A Simple fix
An oft-cited argument in favor of manufactured obsolescence is employment and resulting higher standards of living, translated as more wealth – which does not necessarily equate to greater happiness. My grandmother, Alice, and many of her peers were the early working class beneficiaries of mass production, spending their days working on factory floors in cycles of repetitive assemblage of consumer goods – in her case cash registers. Back then, many manufacturers provided for their workers’ retirement. My grandmother did retire with a good pension and spent her retirement years traveling by motorcycle and boat, growing flowers and bowling with former co-workers.
Factory work these days, when not done by robots and grossly underpaid workers in developing countries, is a much less stable and sustainable vocation. Shutdowns and relocations of these massive creators of consumer goods results in little long-term security, not to mention a plethora of potential health hazards.
What if instead of being makers of (mostly) useless and poorly made mass-produced goods, more of us took on the role of repairers. No, seriously, this is what people used to do instead of running out to buy the next poorly made version of that thing that just got trashed. My father fixed all kinds of things, from cars to toasters to a jukebox he and I salvaged from the neighborhood landfill. At that time such facilities would allow people to come in and walk about amongst heaps of discarded objects to take home, refurbish or repair. Come to think of it, Alice, his mother, was also a great fixer of things.
A couple things got me to
thinking about people being fixers: this Owl’s focus on sustainability, which morphed out of a trashy proposal; and an article about a man who fixes umbrellas. In a BBC video clip* that features Thierry Millet speaking about his work, he laments the wastefulness of a consumer society. According to Mr. Millet, there are an estimated five hundred million umbrellas thrown away each year, enough to build ten Eiffel Towers – a year – with the discarded metal. Millet is one of very few artisanal umbrella repair people worldwide. He works out of his small shop in central Paris – Maison Pep’s, repairing all kinds of umbrellas, saving them from the landfills. Although he seems humbled by his contribution, given a likely increase in rain with current weather trends, umbrellas are important.

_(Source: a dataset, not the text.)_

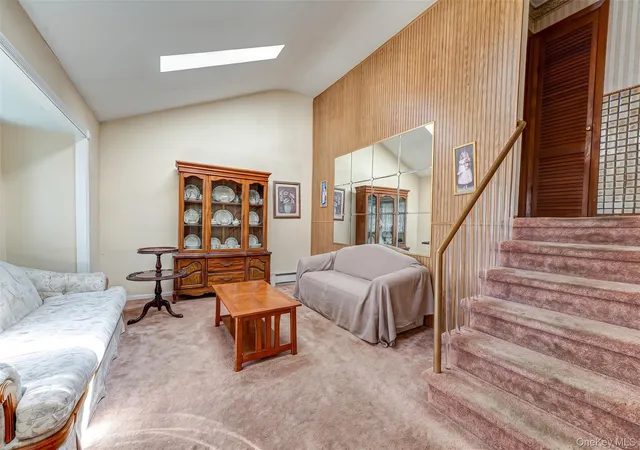3rd image of 9 Johnson Pl, Lindenhurst, NY 11757 | MLS# 1011177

Reducing the amount of garbage we produce, and repairing things, all kinds of things, is one small step toward us becoming a Zero Waste world.
Back to the idea of factories and “making” jobs to make things that we do not need. What if more people fixed things. Not just folks at home making broken things work because they can’t afford a new thing and care about doing the right things. What if we could somehow mastermind a grand shift away from making more things to fixing more things, with more people finding ways of being gainfully employed by repairing what’s broken – to keep all those things out of landfills.
There is a bit of a movement in this direction, but what we need is momentum. How about we start in the unemployment lines and provide funding and apprenticeships in the fine art of salvage and renewal to actively engage people who can’t find jobs. Create a kind of Civilian Conservation Corp of specialized salvage and rehabilitators. There are many more things than just umbrellas in the world that get thrown away simply because people do not have the time or skills to fix them. Isn’t it much more satisfying for workers and beneficial to the world as a whole to save items from the landfill instead of helping to manufacture things that will just get thrown away?
I do have an umbrella I have been meaning to fix, a really nice one. This is part of what interested me about this umbrella piece. I also recently had a watch repaired. We all love and cherish things, and it is easier to find joy and meaning in the things we love if we focus on quality, not quantity. Bringing objects back to life is about more than the object – it is about the people they matter to, and people are what creating a sustainable world is all about.